JPH0445205Y2 - - Google Patents

Description

[Detailed Description of the Invention] [Industrial Application Field] The present invention relates to a semi-fixed variable resistor, and particularly to an adjustment knob for adjusting the resistance value from the back side.

[Prior Art] Many semi-fixed variable resistors have been known in the past, in which a slider piece rotates and slides on a resistance layer formed on the surface of an insulating base to change the contact position to obtain a desired resistance value. It is being This type of semi-fixed variable resistor is attached to a printed wiring board,
After it is connected to the electric circuit, the resistance value is finely adjusted from the outside using an adjustment jig such as a screwdriver, so a groove for engaging the jig is formed at one end of the adjustment knob fixed to the slider piece. has been done.

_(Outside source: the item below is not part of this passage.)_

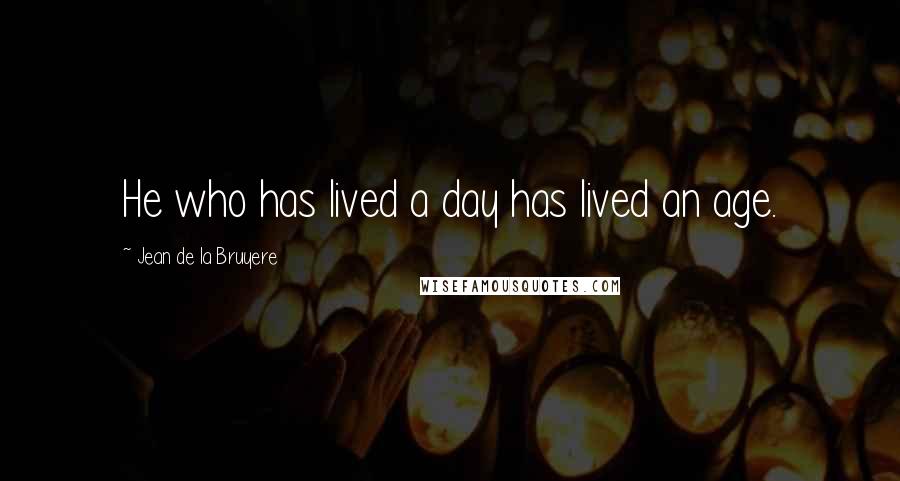 Jean De La Bruyere Quotes: He who has lived a day has lived an age.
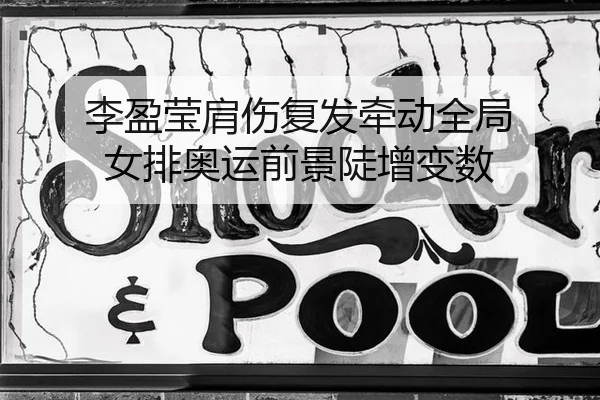 李盈莹肩伤复发牵动全局 女排奥运前景陡增变数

FIG. 5 shows an example of a conventional semi-fixed variable resistor, in which a resistance board 2 whose surface is coated with a ring of electrical resistance material is housed in the bottom of an insulating case 1. One end 3a of a slider piece 3 made of a conductive spring material is in elastic contact with. This slider piece 3 is fixed to a first adjustment knob 4 that is rotatably attached to the insulating case 1, and when the adjustment knob 4 is rotated, one end 3a is attached to the resistor board 2.
slide on top. In addition, a second adjustment knob 5 is rotatably attached to the opposite side of the insulating case 1 from the side where the first adjustment knob 4 is attached. In this case, the slider piece 3 is fixed. Therefore, the second adjustment knob 5
When rotated by a jig, the slider piece 5 slides on the resistor board 2 in the same manner as described above.

The first and second adjustment knobs 4 and 5 have grooves 4a and 4a, respectively, which can be engaged with a jig such as a screwdriver.
5b is formed, and when the variable resistor is attached to the printed wiring board 6 at the position indicated by the two-dot chain line in the figure, the groove 4a is formed whether from the front or back side of the printed wiring board 6. , 5b, the resistance value can be adjusted. Further, 7 and 8 in the figure are terminals connected to both terminals of the resistance board 2.

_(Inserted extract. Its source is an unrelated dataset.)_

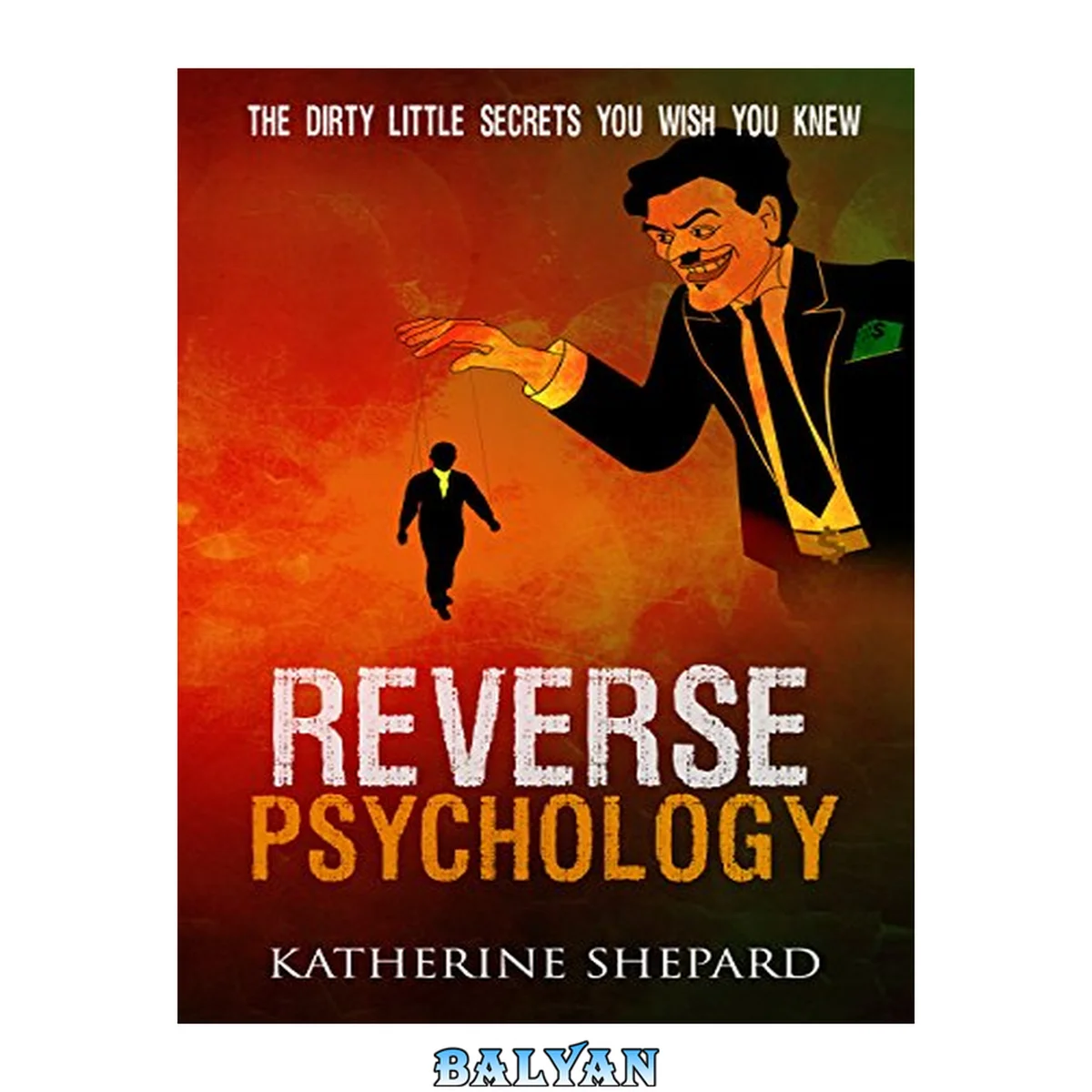 جلد کتاب Reverse Psychology: The Dirty little secrets that you wish you knew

[Problem that the invention attempts to solve]

By the way, in the case of the above-mentioned semi-fixed variable resistor, the second adjustment knob 5 is formed by so-called header processing, in which material is put into a mold and tapped to form a desired shape. However, continuous machining was not possible and machining efficiency was low.

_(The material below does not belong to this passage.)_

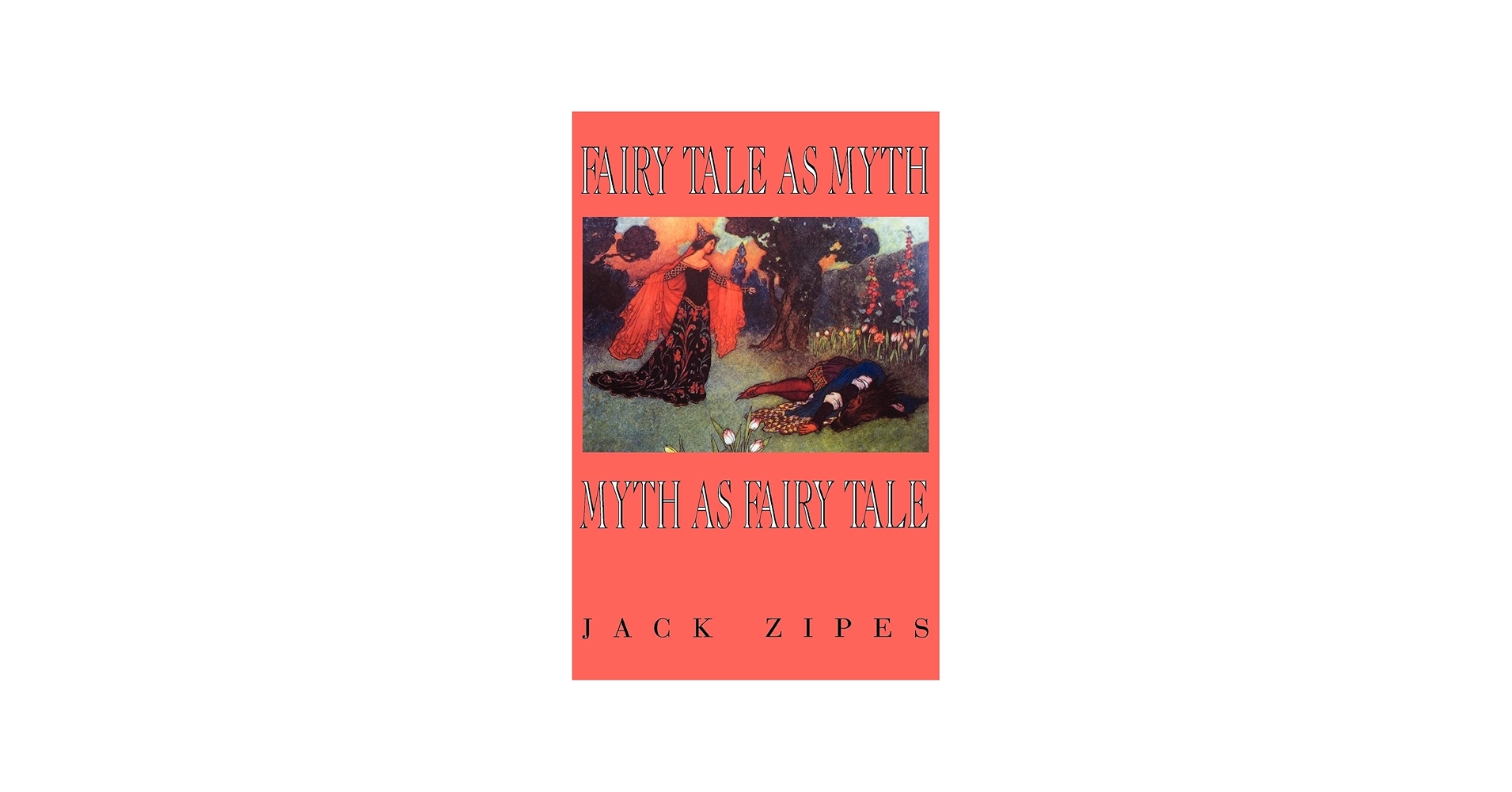 Amazon.com: Fairy Tale as Myth/Myth as Fairy Tale (Clark Lectures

Therefore, for the purpose of improving machining efficiency, the present applicant developed a flange-like plate material having a shaft portion 5a and a groove 5b.
We previously filed an application for an adjustment knob for a semi-fixed variable resistor that was made by folding and integrating a flange-like plate material with According to this earlier application, since the second adjustment knob can be formed by press working using a metal plate, automation is realized and it is an extremely effective means for improving the production industry, but it is not without problems. do not have. That is, since the wall thickness of the flange-shaped plate material having the groove 5b is thin, when a jig such as a driver is engaged with the groove 5b and the second adjustment knob 5 is rotated, the connecting portion ( There is a problem that the folded part) is easily deformed. especially,
As semi-fixed variable resistors become smaller, the width and thickness of the connecting portions also become smaller, and this tendency becomes more pronounced.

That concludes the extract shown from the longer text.